The sample size calculation is according to 2 rates comparison principle of statistical arithmetic formula: on the basis that α = 0.05, β = 0.1, seroprotection rate for 20 μg p1 = 96%, seroprotection rate for 60 μg p2 = 90%, and the estimated sample size is 295 in each group.
The primary endpoints were seroprotection rates and anti-HBs geometric mean titers (GMTs) in the second month after the final injections. Hypothesis testing was 2-sided with an α value of 0.05.Seroprotection was defined as an anti-HBs level ≥ 10 mIU/ml. Statistics were performed using SPSS 18.0 software. Percentage between different groups was compared using the χ2 or Fisher's exact test, and the titers of anti-HBs were compared using Anova or Kruskal-Wallis tests (H test). A p-value < 0.05 (2-tailed) was considered statistically significant. The influence factors for seroprotection rate of anti-HBs factors used by logistic regression analyses.
(1) Field investigation quality control: optimizing investigators, pre-job training, checking and rechecking, reducing the loss of sample. (2) Blood quality control: employing professional staff in blood collection, avoiding haematolysis, regulating blood storage and transportation. (3) Laboratory quality control: Using bar code to avoid confusion. a clear division of labor, using high-quality reagent and advanced equipment, application of blind and parallel sample, quality control products, standard products, negative control and positive control, etc. (4) Statistical analysis quality control: data examine and verify, double-entry in database setup, error correction logically, etc.

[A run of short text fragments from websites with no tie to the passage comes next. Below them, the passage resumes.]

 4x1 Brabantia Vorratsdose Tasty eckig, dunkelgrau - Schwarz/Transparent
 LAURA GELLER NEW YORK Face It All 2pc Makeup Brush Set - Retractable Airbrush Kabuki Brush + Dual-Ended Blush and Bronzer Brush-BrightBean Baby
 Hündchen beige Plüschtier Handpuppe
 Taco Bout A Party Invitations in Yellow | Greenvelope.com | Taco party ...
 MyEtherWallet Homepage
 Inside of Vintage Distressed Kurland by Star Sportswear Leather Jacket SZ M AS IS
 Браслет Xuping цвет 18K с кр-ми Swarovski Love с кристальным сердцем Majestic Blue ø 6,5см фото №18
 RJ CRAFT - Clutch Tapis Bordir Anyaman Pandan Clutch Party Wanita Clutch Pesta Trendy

No potential conflicts of interest were disclosed.
We acknowledge all the adults who took part in the study and all the personnel from the Beijing Center Disease Control and Prevention, Xuanhua District Center for Disease Control and Prevention and Huaibei District Center for Disease Control and Prevention who took part in collection of samples.
Funding for this work was provided by National Key Project on Infections Disease, 2012ZX10002001-003-003, 2012ZX10004-904.